Unlängst fragte mich ein Freund, was mich an meiner Arbeit als Begleiter von Lern- und Veränderungsprozessen am meisten fasziniere. Ich musste nicht lange überlegen: Daran mitwirken zu können, dass Menschen sich laufend weiterentwickeln und besser werden – Mitarbeiter und Führungskräfte, Kunden und Kollegen.

Seit zwanzig Jahren beschäftige ich mich beruflich mit dem Lernen in Unternehmen. Nicht immer aber arbeitete ich so wie heute. In den zurückliegenden zwei Dekaden gab ich eine Menge vertrautes Denken auf und lernte Neues hinzu, das auch meine Arbeit veränderte. Mitunter lief das wie von selbst und ohne große Widerstände. Häufig lernte ich aus Fehlern, aus eigenen oder aus fremden. Nicht selten peinigten mich Selbstzweifel. Oft freute ich mich und war stolz, wenn ich etwas gelernt hatte. Manchmal war ich auch eher beschämt, weil ich Dinge nicht früher gesehen zu hatte, die nun wie selbstverständlich meine neue Denkwelt bestimmen. Auf jeden Fall lernte ich immer dann gut, wenn ich mich zuvor aktiv für eine Veränderung entschieden hatte. Allerdings konnte das auch bedeuten, dass ich mich zuvor lange gegen ein Dazulernen gewehrt hatte. Beim Überwinden der eigenen Lernwiderstände halfen mir dann Menschen, die mich beim Verändern unterstützten – mal eher indirekt und sanft, mal durchaus drängend und fordernd.

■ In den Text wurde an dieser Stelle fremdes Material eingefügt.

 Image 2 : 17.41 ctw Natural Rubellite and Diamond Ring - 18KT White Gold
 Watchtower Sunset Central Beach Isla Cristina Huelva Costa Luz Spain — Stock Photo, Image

Ähnliche Erfahrungen der Unterstützung durch anderen Menschen, durch ihr anderes Denken und Handeln, machen wir wohl alle beim Lernen. So erfahren wir, dass Lernen neue Perspektiven eröffnen und konstruktive Veränderungen möglich machen kann – für die Gesellschaft, für eine Organisation und für uns selbst.

Rückblickend war auch das Schreiben dieses Buches ein Lernprozess, und dafür bin ich dankbar. Danken möchte ich den vielen Menschen, die zum Werden dieses Werkes beigetragen haben. Zuvorderst meinem Buchcoach Jens Schadendorf. Er hat dieses Buchprojekt von Anfang an begleitet – von der ersten Idee über die Konzeption bis hin zur Umsetzung und Verschriftlichung. Ich danke sehr für die intellektuellen Sparrings und das manchmal nötige Beharren, für inspirierende Ermutigungen und couragiertes Voranschreiten, für gedankliche Genauigkeit und große Geduld.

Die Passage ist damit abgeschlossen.